Getting ready for OpenCulture
In June 2011, the Collections Trust will be holding an international conference to explore and progress the themes of OpenCulture. Our aim is to work with the International Council of Museums to bring together some of the world’s leading thinkers about the arts and culture and to explore the shape of cultural services in the years ahead.
The OpenCulture initiative has been running for around two years now, and has already delivered a number of programmes with the common aim of promoting a more open, democractic approach to cultural services.
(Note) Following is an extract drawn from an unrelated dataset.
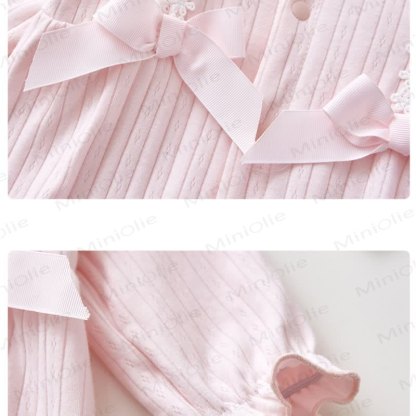 Tutina in pizzo con fiocco per neonato, tinta unita - image 6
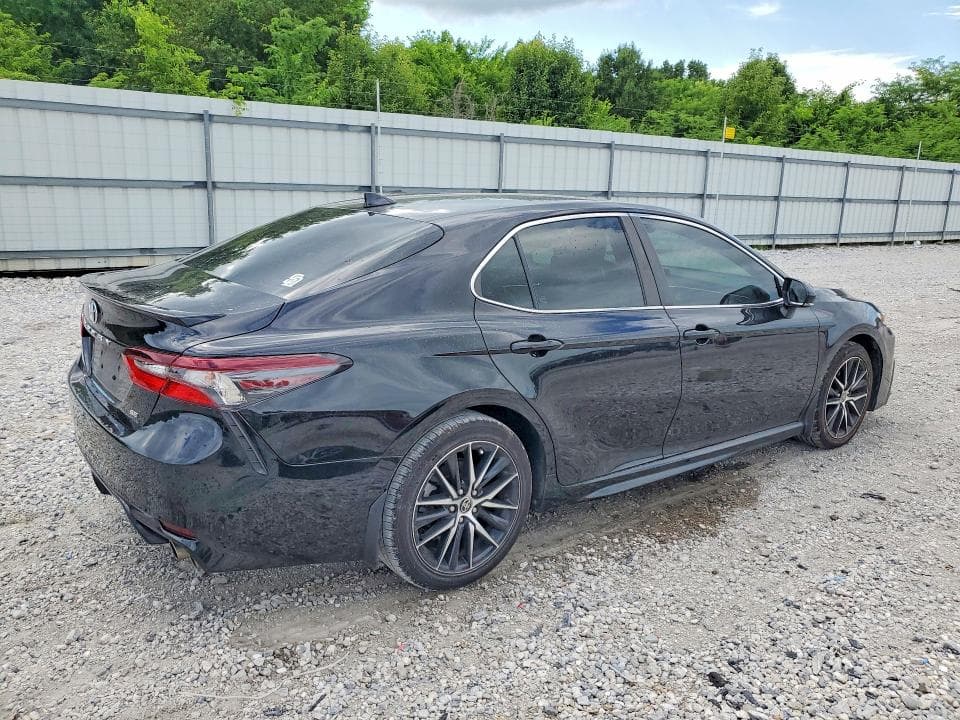 2022 TOYOTA CAMRY SE SE 3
These include:
- A revised version of the SPECTRUM standard incorporating the Revisiting Collections methodology which helps cultural organisations to capture user-generated knowledge alongside their own Collections information.
- The Culture Grid, which connects digital content from libraries, archives and museums with the mainstream of online service provision.
- Incorporating the principles of OpenCulture into Museum Studies, Library and Information and other HE/FE course curricula
The OpenCulture event in 2011 will capture the key threads of this conversation across the International community, addressing:
- Whether Culture is a human right, and what this might mean for cultural services
- How cultural institutions can collect, preserve and curate the modern world
- The role of Culture in promoting tolerance and understanding in a time of conflict
- Whether all Cultures have an equal right to representation
- What is the duty of the international Cultural community to repatriate artefacts
- What is the real Digital Opportunity for Culture on and through the web
Through these high-level discussions, we hope to engage with strategic agencies, policymakers and active practitioners to have an open and honest conversation about the role of Culture in a stable, harmonious, integrated and econmically productive society.
I’ll keep this blog updated with further information about the event as it progresses. In the meantime, I would welcome comments from any of you about these themes, or themes we might have missed which would be worth including.